*** Extracted information ***

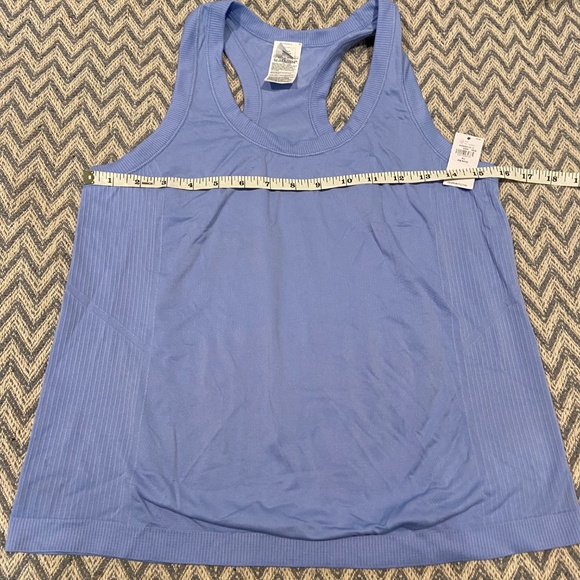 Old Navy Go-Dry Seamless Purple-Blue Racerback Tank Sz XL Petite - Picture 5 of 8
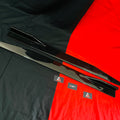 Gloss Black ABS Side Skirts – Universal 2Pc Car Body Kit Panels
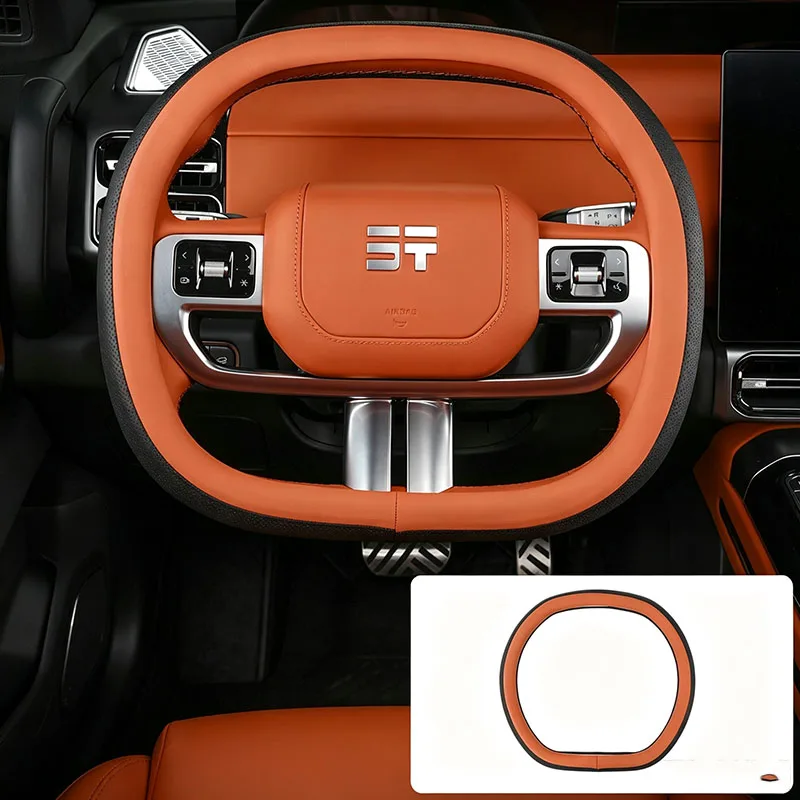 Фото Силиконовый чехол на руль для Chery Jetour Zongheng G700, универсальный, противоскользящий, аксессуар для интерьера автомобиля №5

*** End of Extracted information ***
*** Extracted information ***

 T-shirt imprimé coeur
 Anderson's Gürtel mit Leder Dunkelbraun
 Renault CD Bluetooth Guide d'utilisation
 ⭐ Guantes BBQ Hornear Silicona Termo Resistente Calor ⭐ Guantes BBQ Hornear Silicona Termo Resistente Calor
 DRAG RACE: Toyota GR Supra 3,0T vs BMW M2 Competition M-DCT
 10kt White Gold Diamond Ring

*** End of Extracted information ***

Exercise objective> Go back to the listing above and write out the lines starting at the one with "Old Navy Go-Dry" and ending at the one with "Фото Силиконовый чехол", inclusive, exactly and without pictures.

Answer>
 Old Navy Go-Dry Seamless Purple-Blue Racerback Tank Sz XL Petite - Picture 5 of 8
 Gloss Black ABS Side Skirts – Universal 2Pc Car Body Kit Panels
 Фото Силиконовый чехол на руль для Chery Jetour Zongheng G700, универсальный, противоскользящий, аксессуар для интерьера автомобиля №5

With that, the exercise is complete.